La jeune femme poursuit son chemin, apaisée et comblée. Mais les choses déraillent lorsque son père meurt, quelques jours avant le mariage de sa cadette. Mélanie est extrêmement touchée par cette perte et sent qu’elle est en prise avec des idées noires. Elle se fait suivre par un psy, mais cette nouvelle épreuve impacte aussi son couple. Son mari et elle connaissent alors beaucoup de difficultés. Ils sont au bord du divorce, mais Mélanie refuse que sa vie s’écroule: “J’aime tellement mon conjoint et ce que l’on a construit ensemble, alors je me suis battue pour sauver mon univers. Nous avons entamé une thérapie de couple et tenté de nous reconstruire”. La thérapie sera bénéfique, puisque les amoureux réussiront à se retrouver, plus alignés.

J’ai réalisé combien le fait d’avoir manqué de tout avait été un traumatisme pour moi

Après s’être relevée de la tempête, Mélanie ressent pour la première fois l’envie d’avoir un bébé. Et malgré ses craintes toujours bien présentes, elle devient maman. Un lien fort se crée entre elle et son enfant: ils sont d’ailleurs fusionnels. Elle le dorlote, le couvre d’amour, le surprotège même, parfois. “En devenant maman, j’ai réalisé combien le fait d’avoir manqué de tout avait été un traumatisme pour moi. Alors je fais en sorte que mon fils ne manque de rien: je le couvre d’amour et je le gâte un peu trop.

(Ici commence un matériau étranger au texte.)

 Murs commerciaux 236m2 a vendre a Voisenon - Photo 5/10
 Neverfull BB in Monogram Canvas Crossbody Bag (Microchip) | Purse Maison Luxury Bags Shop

C’est peut-être un peu excessif parfois mais c’est ma manière d’être mère, en réaction à mon propre vécu”.

Pas tendre avec moi

Si Mélanie sait qu’elle aura toujours des blessures au fond d’elle, son parcours est sa véritable force. Chaque jour, elle se bat pour vivre la vie dont elle rêve et refuse de la subir. “Je veux que ma vie soit belle et je fais en sorte qu’elle le soit. Et surtout, je refuse de regarder vers le passé, je préfère qu’il soit un moteur pour moi”.

Pour avancer, Mélanie n’a pas peur de se remettre en question et d’aller voir un thérapeute lorsqu’elle sent que son quotidien prend une tournure qui ne lui plaît pas: “Être suivie par des psychologues m’a vraiment aidée à avancer malgré une enfance difficile. Comme mes parents étaient tous les deux dépressifs et sujets aux addictions, je fais très attention à ma santé mentale: je n’ai pas peur de prendre rendez-vous chez un spécialiste pour trouver le moyen de rebondir lorsque j’ai un coup dur ou des idées noires. Je peux dire que je suis fière de mon parcours parce que la vie n’a pas été tendre avec moi. Pourtant, j’ai réussi à construire une vie qui me rend heureuse. C’est une grande réussite à mes yeux”.